Print the entries below exactly as they appear, from the first line up to and including the line with "Muškarac s nožem". Do not print any pictures.

>>>>>

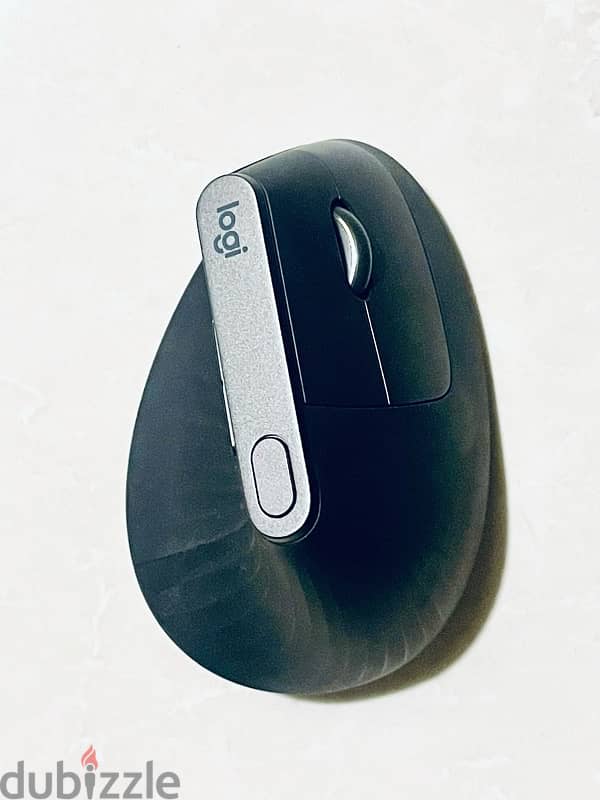 Logitech MX Vertical Advanced Ergonomic Mouse 4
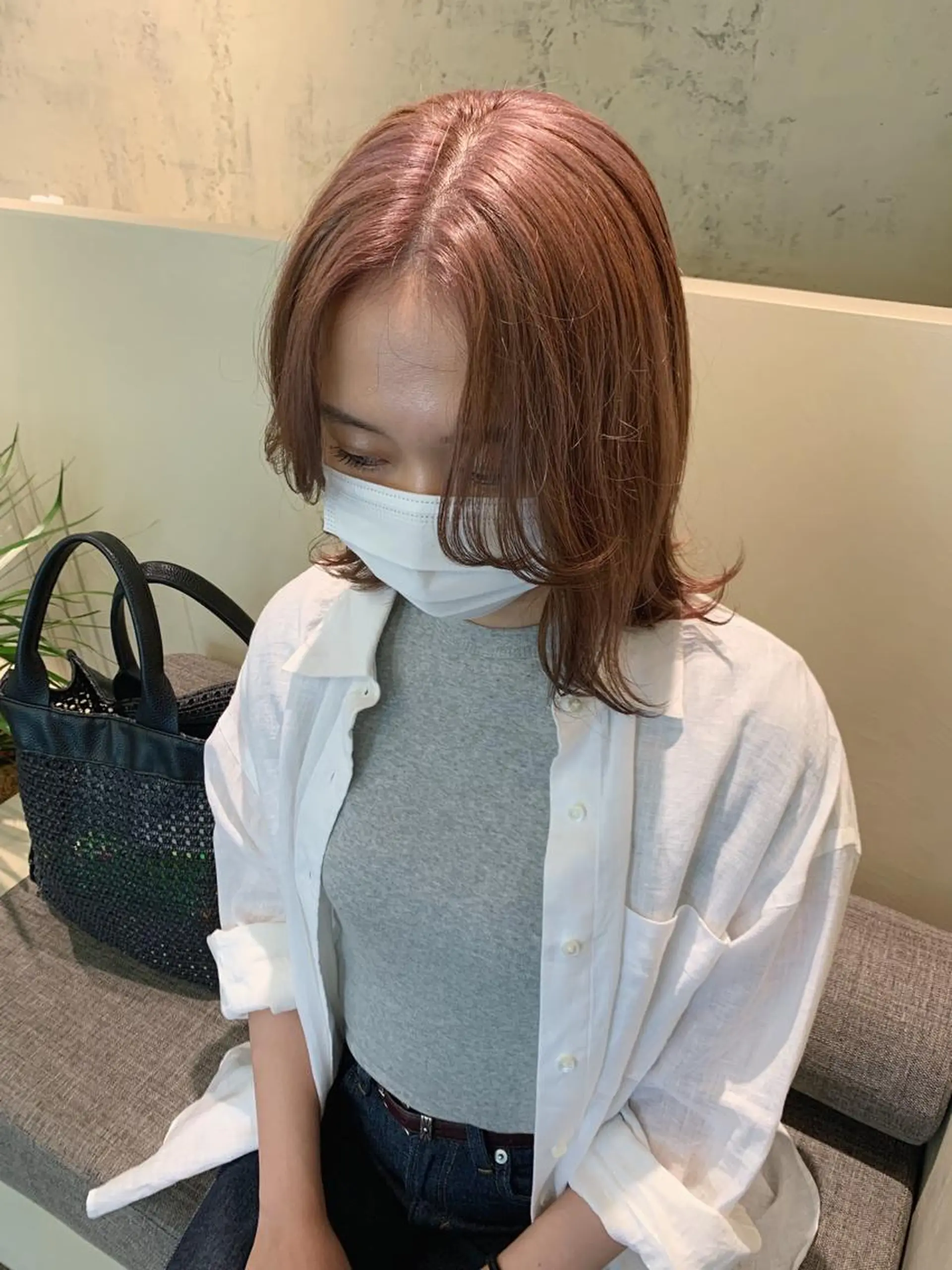 ミディアム カラー ベージュカラー ブリーチ ピンクカラー ヘアカラー yupi🐈‍⬛ レイヤー/パーマのヘアスタイル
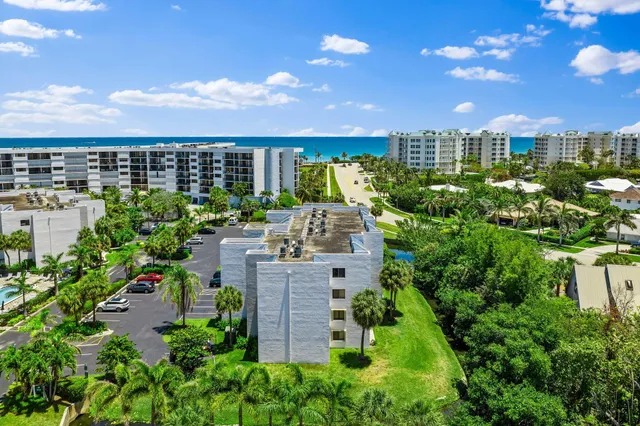 a car parked in front of a building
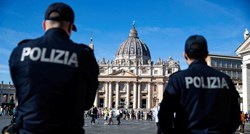 Muškarac s nožem išao prema Trgu svetog Petra u Vatikanu. Policajac ozlijeđen
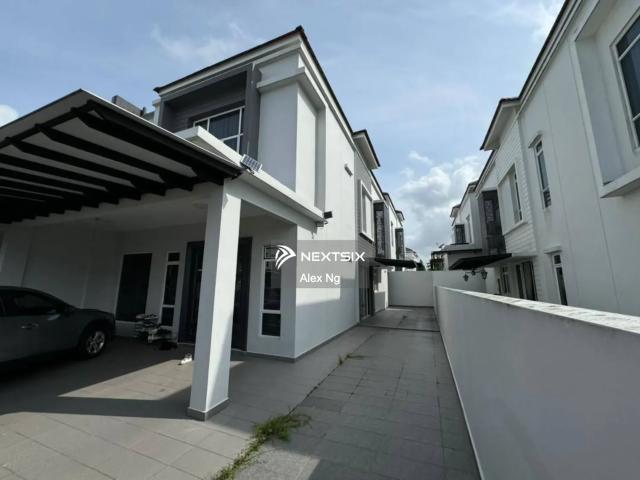 Residential House for sale in Petaling, Subang Jaya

<<<<<

**Answer space**:
 Logitech MX Vertical Advanced Ergonomic Mouse 4
 ミディアム カラー ベージュカラー ブリーチ ピンクカラー ヘアカラー yupi🐈‍⬛ レイヤー/パーマのヘアスタイル
 a car parked in front of a building
 Muškarac s nožem išao prema Trgu svetog Petra u Vatikanu. Policajac ozlijeđen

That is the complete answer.